The second issue with the comment, which is also reflected in the previous paragraph and elsewhere in the article, is that it suggests that the victims of racism are responsible for reducing or preventing racism. Victims of racism are not and should not be held responsible for the racist attitudes and actions of others. It could be akin to suggesting that all victims are in some way responsible for the crimes committed against them. I draw an analogy with victims of sexual violence – if a woman is sexually assaulted it was not because she was dressed provocatively or was drunk, rather it is the fault of the person who chose to assault her. The idea that a victim is responsible removes responsibility from the perpetrator; it also removes responsibility from the broader society which may be the roots and facilitator of such actions and attitudes.

A final concern that I would like to highlight is the way in which colonialism is discussed throughout the article. In this article, the author notes that while an important historical factor, colonialism is a matter of history. Numerous indigenous groups and literature cite ongoing colonialism in Australia, Canada, and other settler nations (Reading & Wien, 2009; Greenwood et al, 2015). Colonialism and racism are alive in contemporary legislation and relationships and often intersect in violent and productive ways.  Colonialism must be treated as an ongoing issue which needs to be addressed and dismantled in order to achieve equity and justice for Indigenous peoples.

I would like to conclude with two suggestions for addressing these issues: we need to take responsibility as academics and researchers not to perpetuate and facilitate racist discourses that can potentially harm and denigrate marginalized people. Academics and researchers must carefully interrogate the language they use, and at the very least, we have to work towards dismantling racism and colonialism in partnership with Indigenous peoples. As academic and researchers, we need to be self-reflective (even if it is uncomfortable) and be aware of the legitimacy that our work is allowed when it is published in peer-reviewed journals and the potential damage that our words and ideas may have, however, unintended.

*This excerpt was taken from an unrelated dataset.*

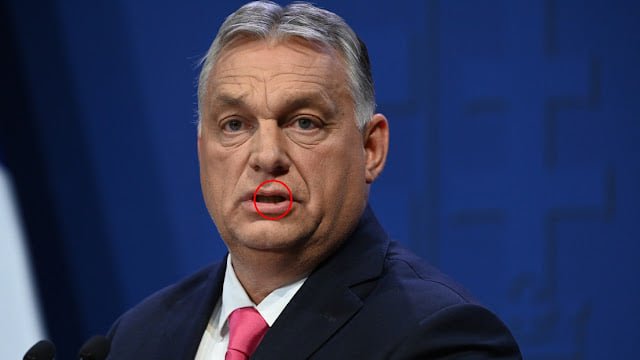 ALIG pár perce érkezett! Nagyon aggódnak az emberek! Orbán Viktor EBBEN a súlyos betegségben szenved? Megszólalt egy orvos is. Ez a nagyon veszélyes folt van a száján már hosszú ideje..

It is also important that the press and peer reviewers take responsibility and make concerted efforts to identify and address ideas that perpetuate racist or colonial attitudes in academic publishing.  As a final note I look forward to continuing discourse to address ongoing issues of racism and colonialism and work towards achievement of health equity and justice for Indigenous peoples.

References

Awofeso, N. (2011). Racism: a major impediment to optimal Indigenous health and health care in Australia. Australian Indigenous Health Bulletin, 11(3), 1-8.

(2015) Determinants of Indigenous Peoples’ Health in Canada: Beyond the Social edited by Margo Greenwood, Sarah de Leeuw, Nicole Marie Lindsay, and Charlotte Reading. Toronto: Canadian Scholars’ Press.

Durey, A. (2010). Reducing racism in Aboriginal health care in Australia: where does cultural education fit?. Australian and New Zealand Journal of Public Health, 34(s1), S87-S92.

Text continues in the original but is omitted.